INSTRUCTIONS TO FOLLOW: Repeat exactly the lines below, from the line containing "Smooth Stock logo-print trousers - 2" through the last line, both included. Leave out any pictures.

..............................

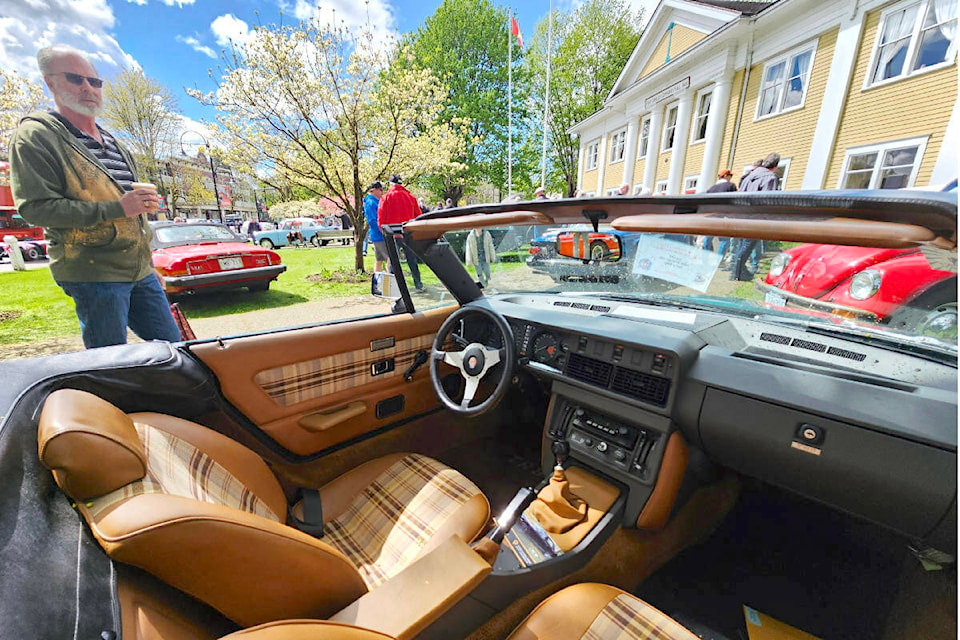 The 20th annual St. George’s Day car show was held April 20th in Fort Langley. (Dan Ferguson/Langley Advance Times) 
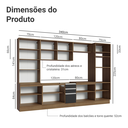 Ver mais imagens de Armário de Cozinha Completa 340cm Rustic/Preto Glamy Madesa 01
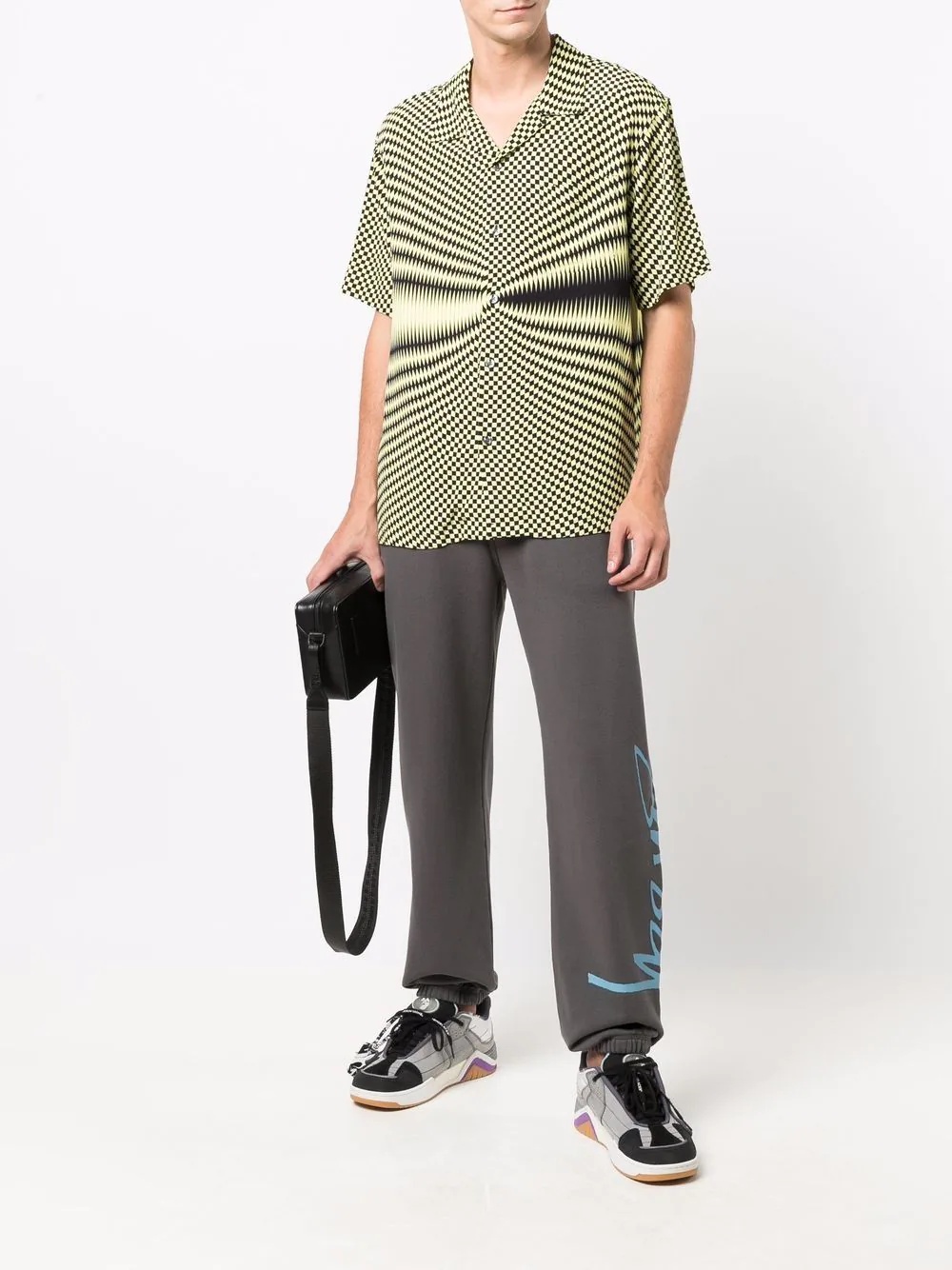 Smooth Stock logo-print trousers - 2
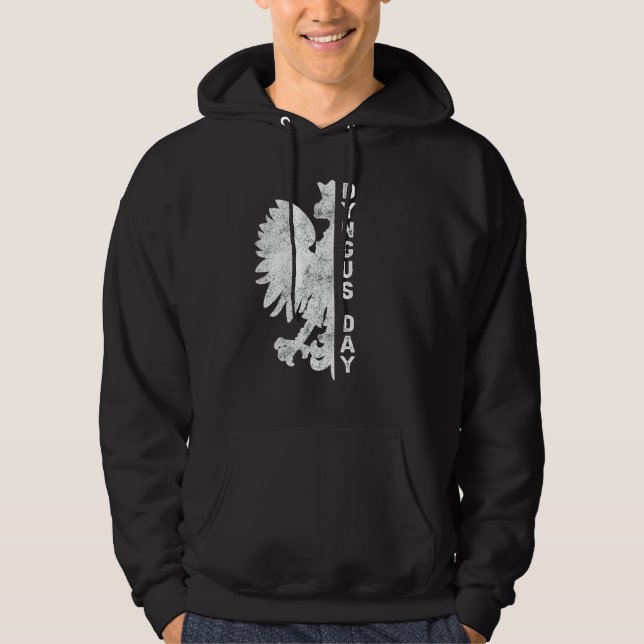 Happy Dyngus Day Polska Polish White Eagle Hoodie (Front)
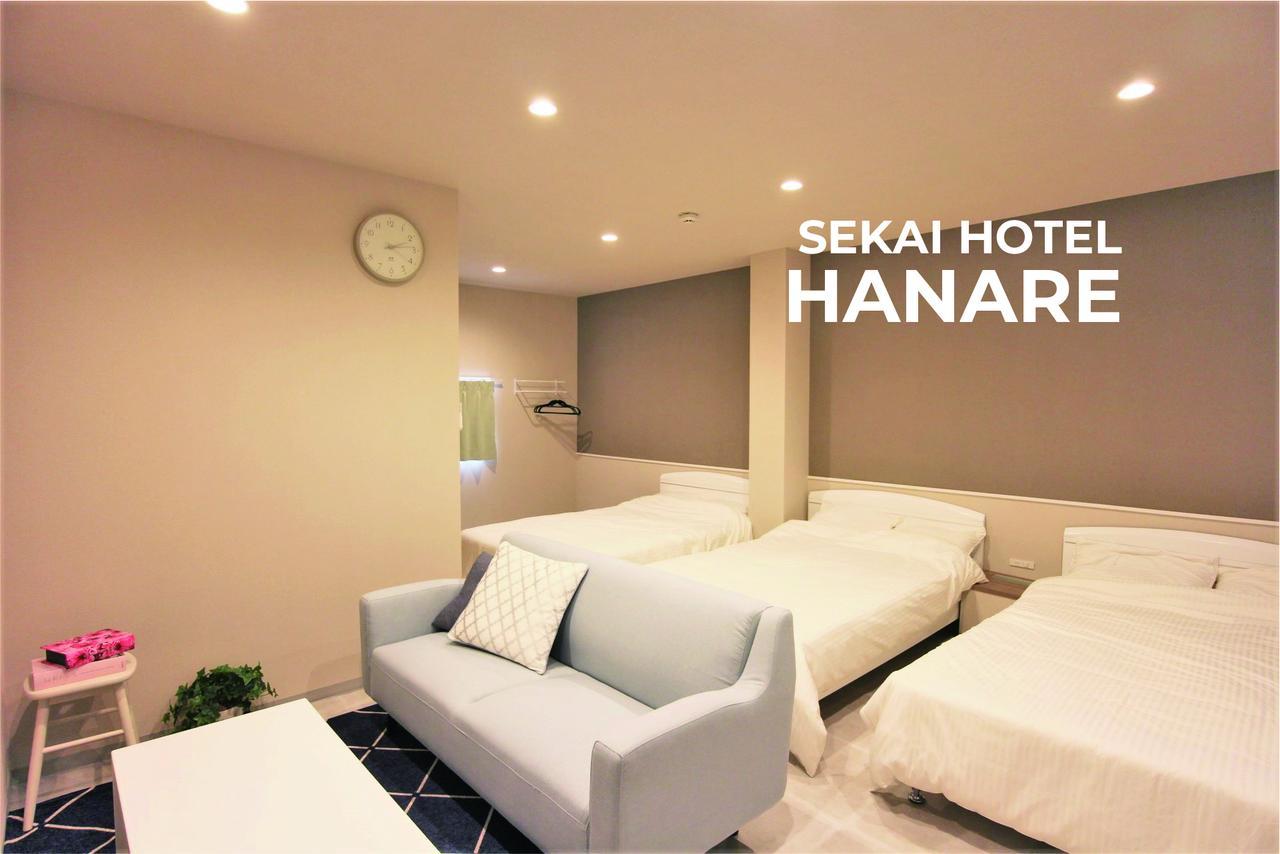 Sekai Hotel Mangetsu Osaka Exteriör bild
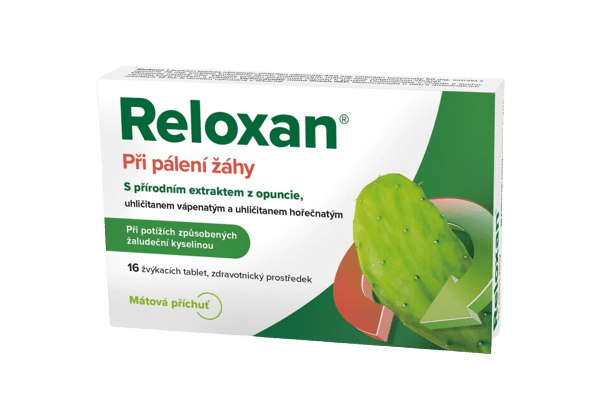 RELOXAN Mint žuvacie tablety s príchuťou mäty 16 ks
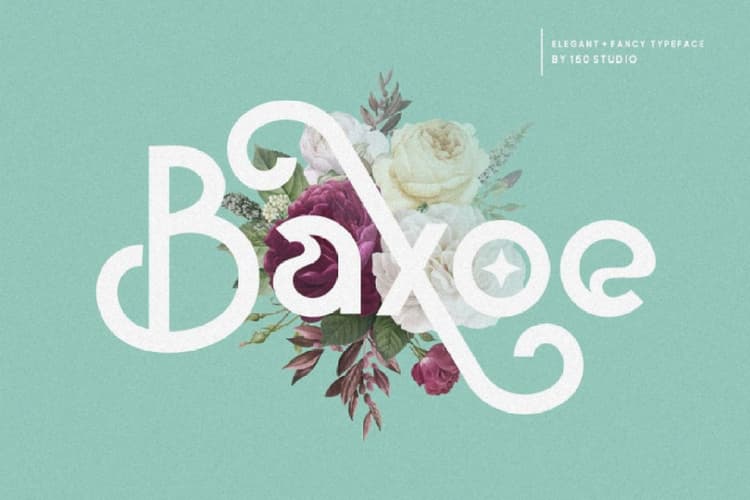 Baxoe Sans Fancy Typeface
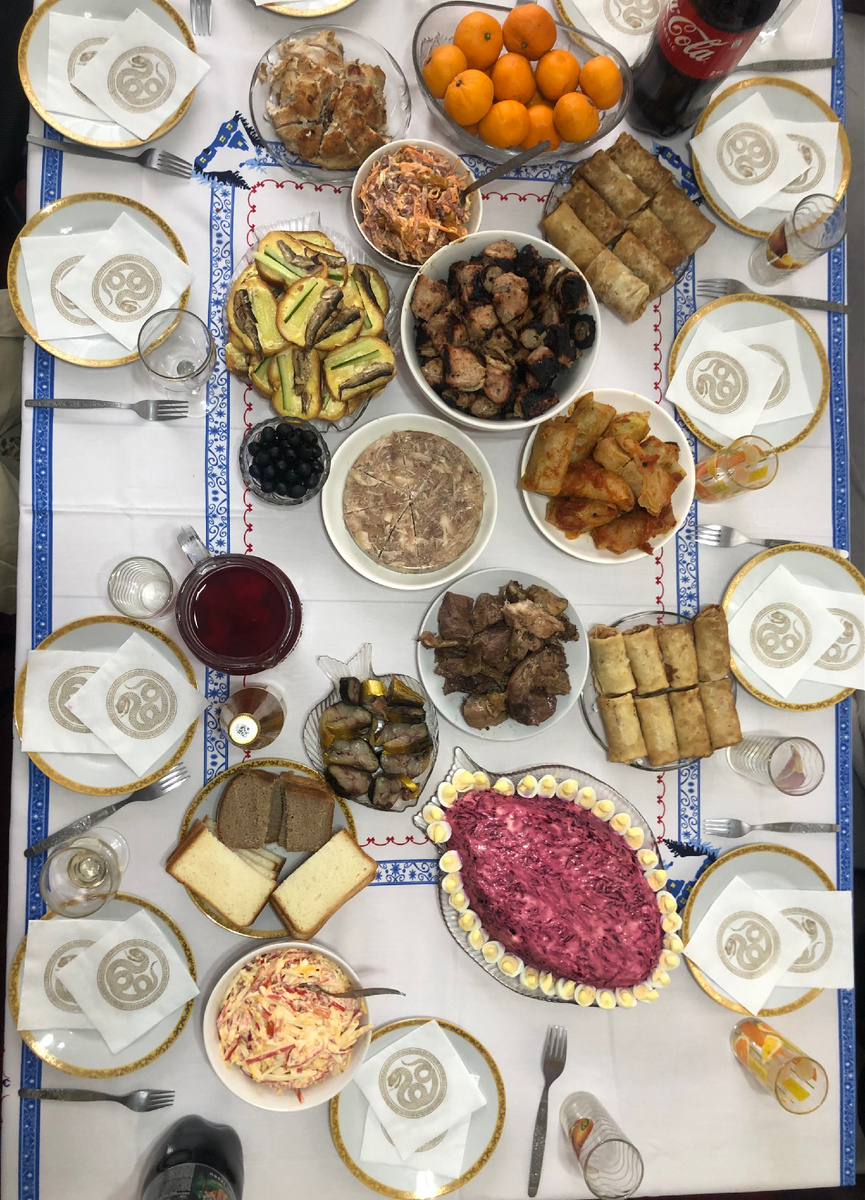 Наш Рождественский стол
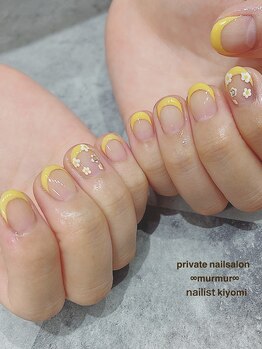 プライベート ネイルサロン マーマ(murmur)/フラワー×フレンチネイル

..............................

RESPONSE BOX:
 Smooth Stock logo-print trousers - 2
 Happy Dyngus Day Polska Polish White Eagle Hoodie (Front)
 Sekai Hotel Mangetsu Osaka Exteriör bild
 RELOXAN Mint žuvacie tablety s príchuťou mäty 16 ks
 Baxoe Sans Fancy Typeface
 Наш Рождественский стол
 プライベート ネイルサロン マーマ(murmur)/フラワー×フレンチネイル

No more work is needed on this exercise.